Mohammad’s birthday – as well as the anniversary of his death, is called Id-e-Milad, and this year it occurred on May 3, coinciding with my 30th birthday. Since it is not every year my birthday coincides with the most famous man in the Islamic religion (due to the differences between the western and Islamic calendars), I decided to go down to the local mosque and celebrate my birthday with the people celebrating his birthday. I felt I should pay my respects. While I was born a mere 30 years ago, Mohammed was born 1434 years ago, on the twelfth day of Rabi-ul-Awwal, the third month of the Muslin year, in Mecca. Interestingly enough, his death anniversary falls on the same day. I found this ironic as my cousin once said she thought anyone over 30 should be shot on sight!
Twelve percent of India’s population is Muslim, and India has a rich tradition of Muslim influence, having been ruled by Islamic leaders for over 600 years. There has historically been a great deal of tension between the Hindu and Muslim religions, ultimately resulting in Partition, when India was split into two pieces: the mostly Muslim country of Pakistan and the mostly Hindu state of India. This coincided with India’s independence from the British and was a bloody time in the country’s’ history.

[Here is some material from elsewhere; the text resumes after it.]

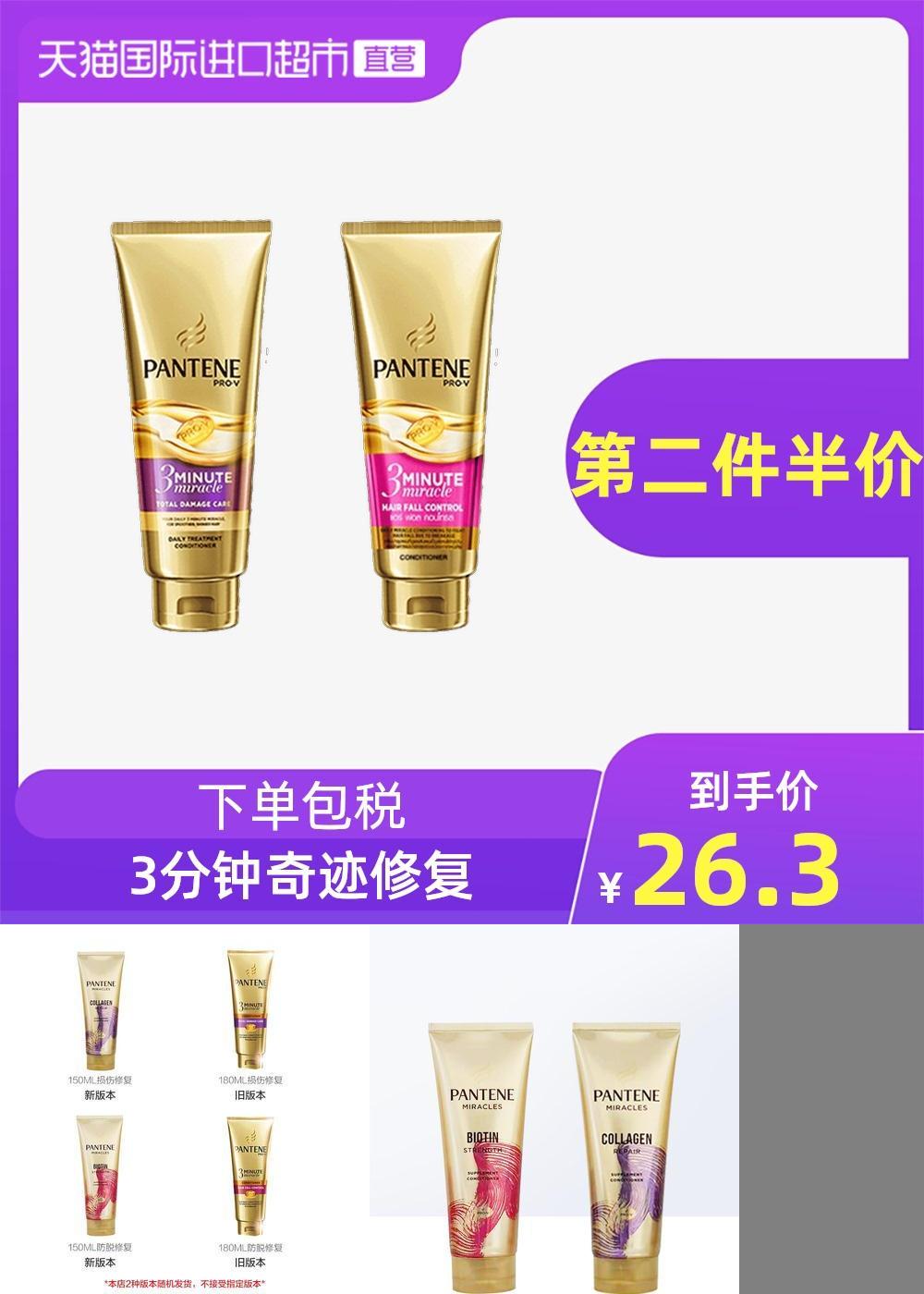 【拍2件】潘婷3分钟奇迹修护发膜150ml*2支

The state of Radjastan, where I was now traveling, has an especially large Muslim population, and it’s tourist attractions of awesome fortresses and stunning palaces were the result of the Islamic kings and rulers. Radjastan is a top tourist destination of India, with 45% of visitors coming through at least one of its major cities. Udiapur, one of its most romantic cities, is a land of camels and elephants sharing streets with autorickshaws and cars, and of dry desert air and temperatures of 44 degrees C (about 110 degrees F). The local people bath and wash clothes in the waters of Lake Piccola, in the shadow of the famous (and US dollar priced) Lake Palace Hotel where Roger Moore first seduced Octopussy in the movie of the same name.

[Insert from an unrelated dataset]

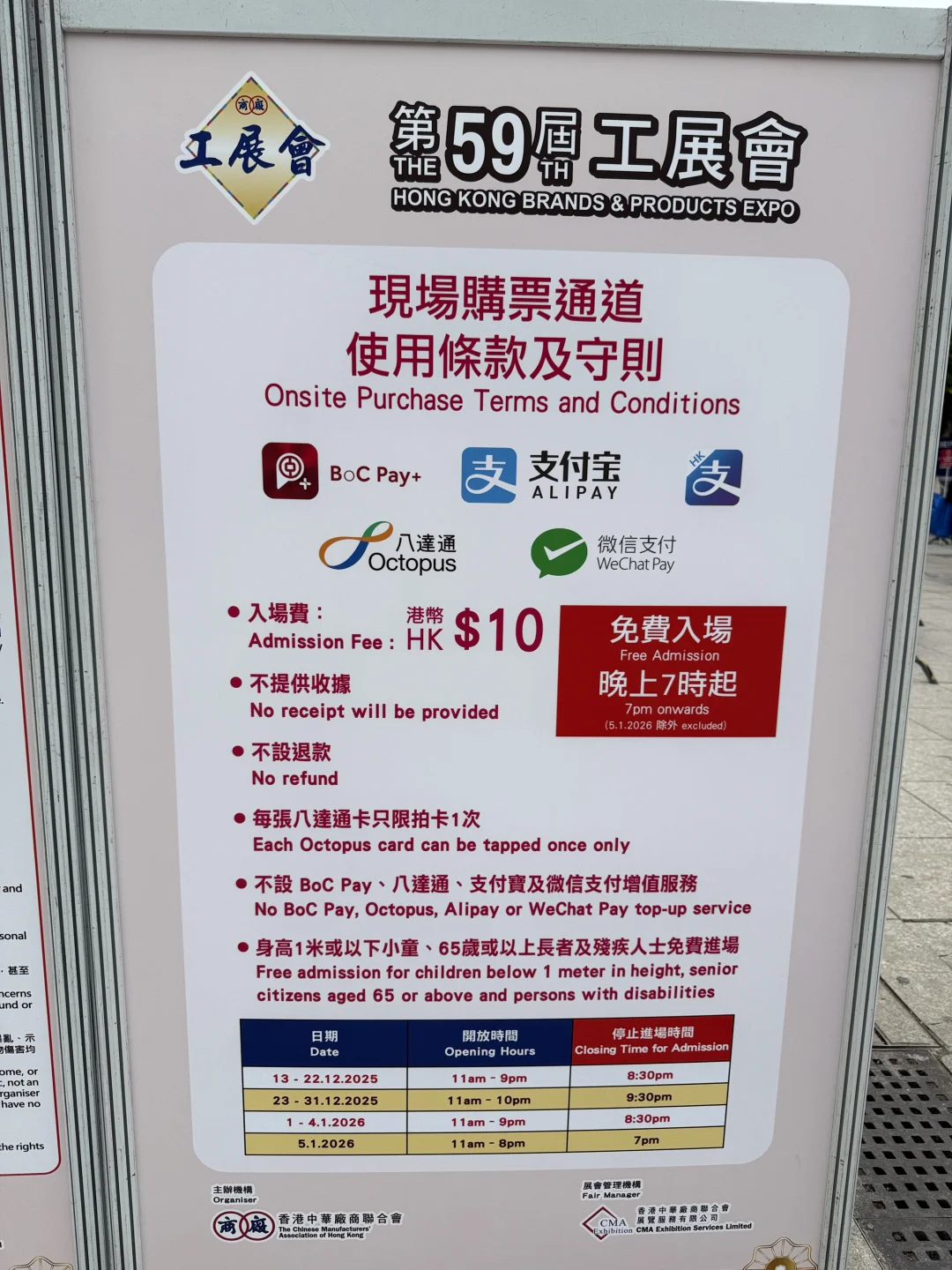 维园工展会倒计时！年货雷达启动?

My rickshaw driver, Manu, head of the “Udiapur rickshaw Mafia/union” let me know about the holiday. A non-devout Muslim, equally fond of whiskey and women who were not his wife, he would not be attending the celebration.
Following a lazy afternoon at the rooftop swimming pool of a posh hotel nearby my own modest guesthouse, I prepared for the celebration. I put on my blue and gold embroidered salwar camis, a traditional Indian dress. Also called a Punjabi suit, a sari suit and a churidar, it is a long, cap-sleeved dress-like top, over loose, pajama-style pants, with a long matching scarf, it is the modern Indian woman’s uniform. These days you can see them as commonly as saris – especially on the younger women.
Before I entered the mosque, I took off my shoes and covered my head with my scarf, following the example of the women ahead of me. At this point I could see the nudges and pointing, the giggling and laughing, and the direct staring of the women at this Indian-dressed white women about to enter a mosque. Smiling brightly, I entered the enclosure. I’d long learned that in India, staring back when you were stared at, but with a big smile, is a ticket to a charming mirror response.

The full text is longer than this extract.